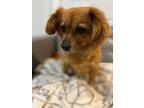 Adopt Daisy a Mixed Breed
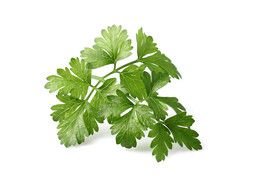 photo green parsley on a white background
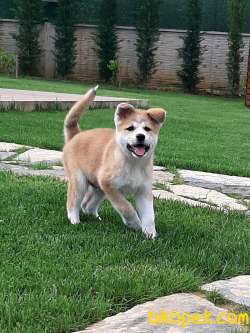 SAFKAN KALITELI Japon Akita İnu Yavrularimiz ( Hachiko ) 4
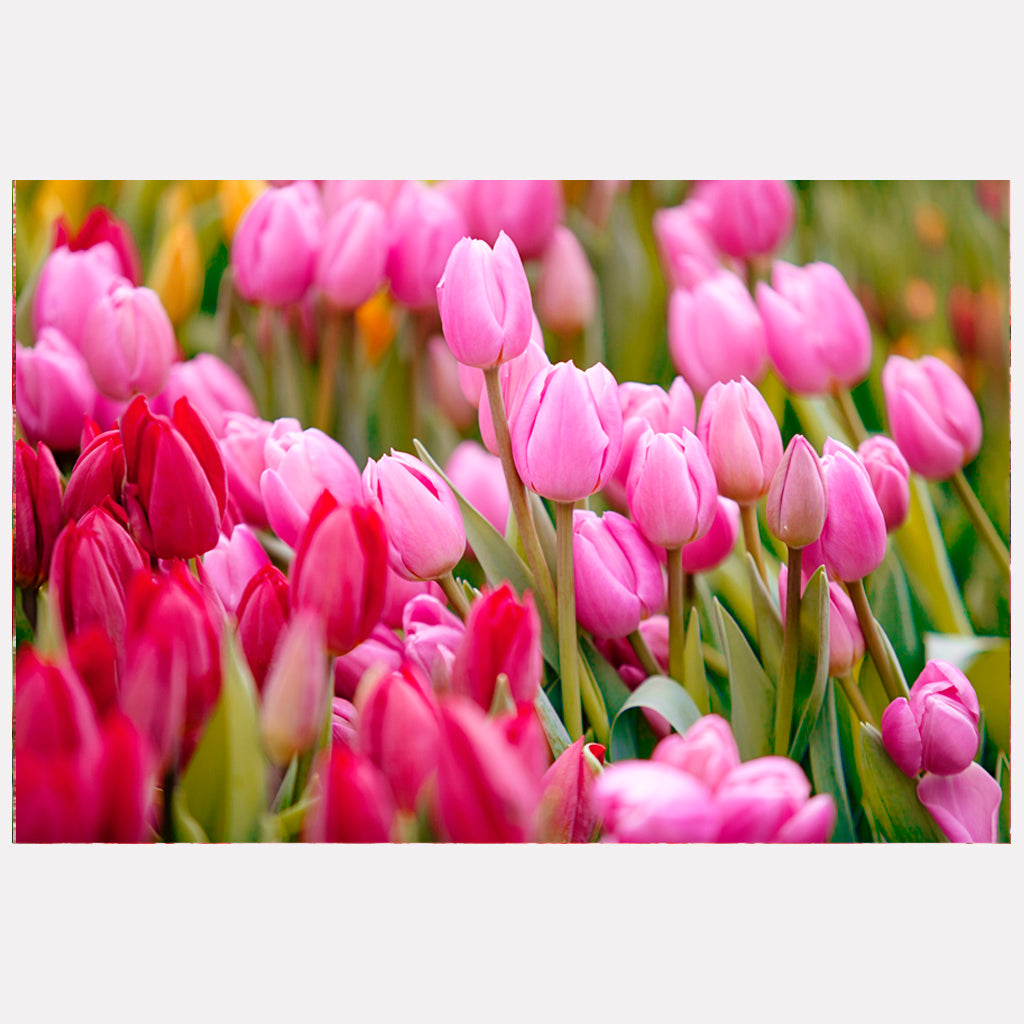 Pretty In Pink - Urban Tulips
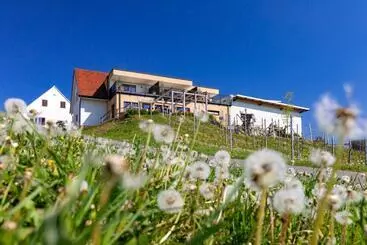 Bed and Breakfast Weingut Und Gästezimmer Perner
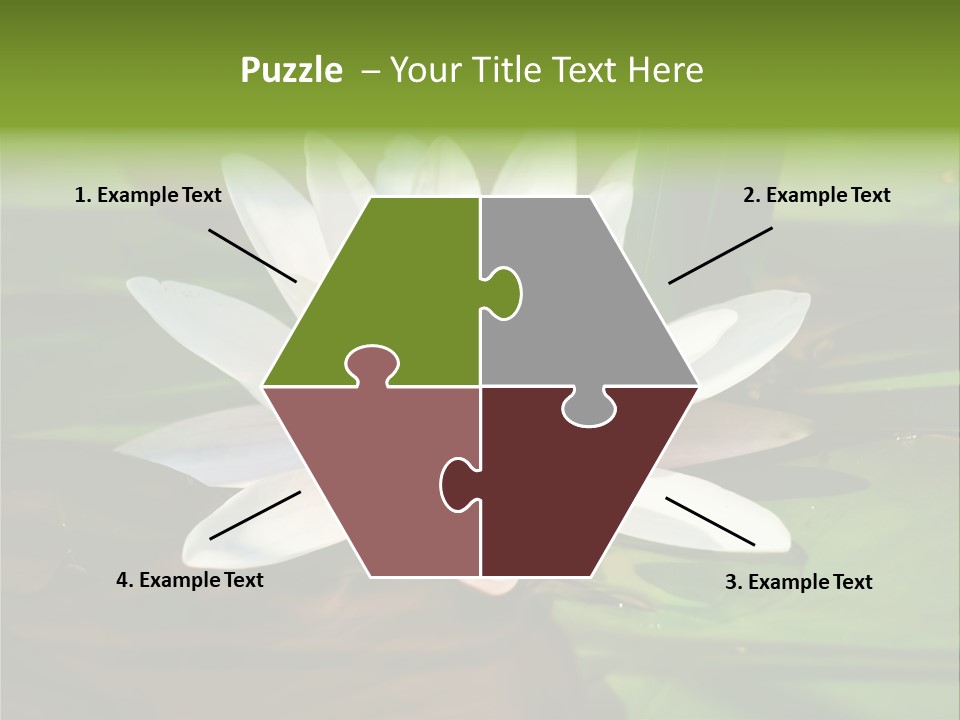 White Water Lily PowerPoint Template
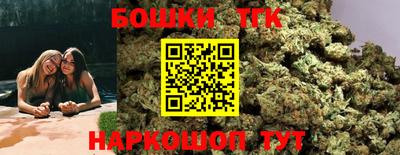 индика Ирбит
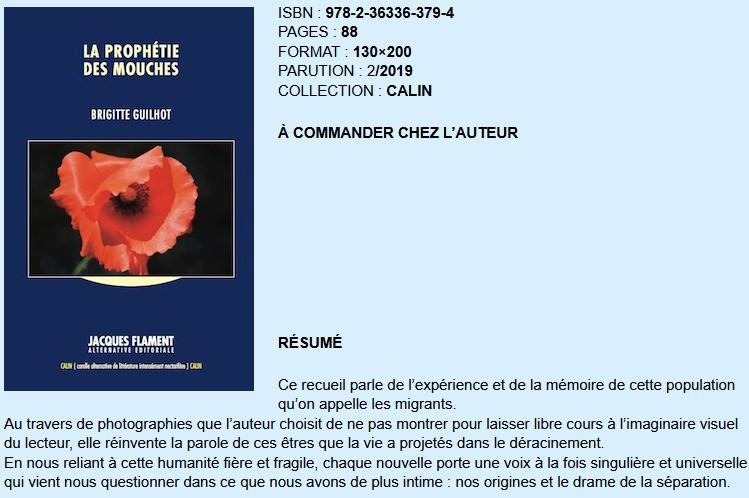 Livre lesmouches guilhot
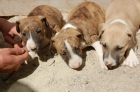 VENTA CACHORROS DE PADRE BULL TERRIER - mejor precio | unprecio.es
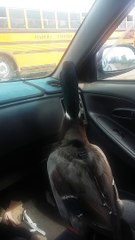 Un canard vient chercher un enfant à l'école... Mieux qu'un chien!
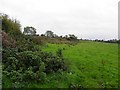 J0768 : Deer Park, near Lough Neagh by Kenneth  Allen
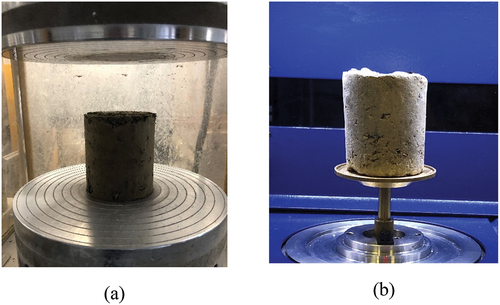 Figure 2. Testing for different soil mixtures. (a) UCS testing and (b) microstructural testing through the X-ray micro-tomography.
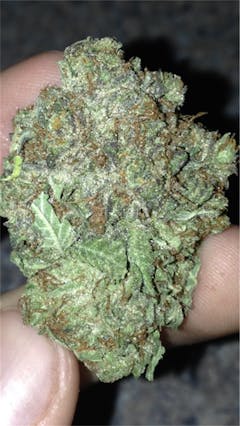 User uploaded image of Kalashnikova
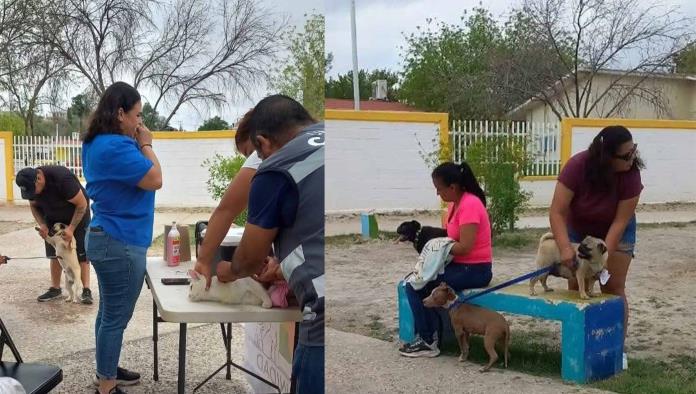 Refuerzan brigadas de salud para mascotas en colonias de Acuña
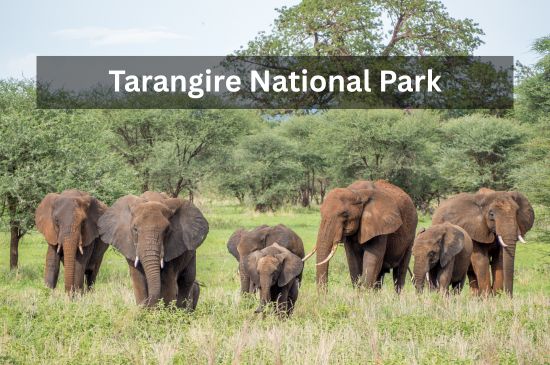 is-destination-image-3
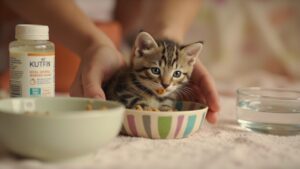 Anak Kucing Penyapihan Susu ke Pakan Pendamping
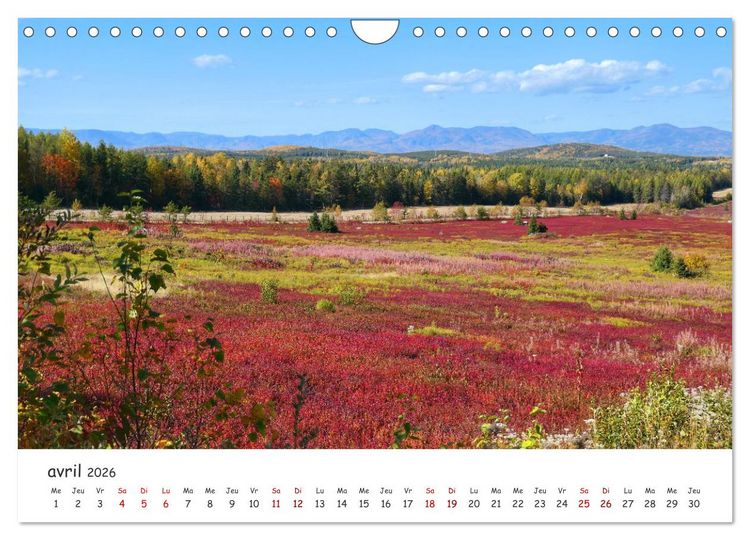 Produktbild: Automne haut en couleurs (Calendrier mural 2026 DIN A4 vertical), CALVENDO calendrier mensuel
··········
Give back, word for word, the lines from the one containing "J0768 : Deer" through the last line of the listing above; include both ends and exclude the pictures.

FINISHED TASK
 J0768 : Deer Park, near Lough Neagh by Kenneth  Allen
 Figure 2. Testing for different soil mixtures. (a) UCS testing and (b) microstructural testing through the X-ray micro-tomography.
 User uploaded image of Kalashnikova
 Refuerzan brigadas de salud para mascotas en colonias de Acuña
 is-destination-image-3
 Anak Kucing Penyapihan Susu ke Pakan Pendamping
 Produktbild: Automne haut en couleurs (Calendrier mural 2026 DIN A4 vertical), CALVENDO calendrier mensuel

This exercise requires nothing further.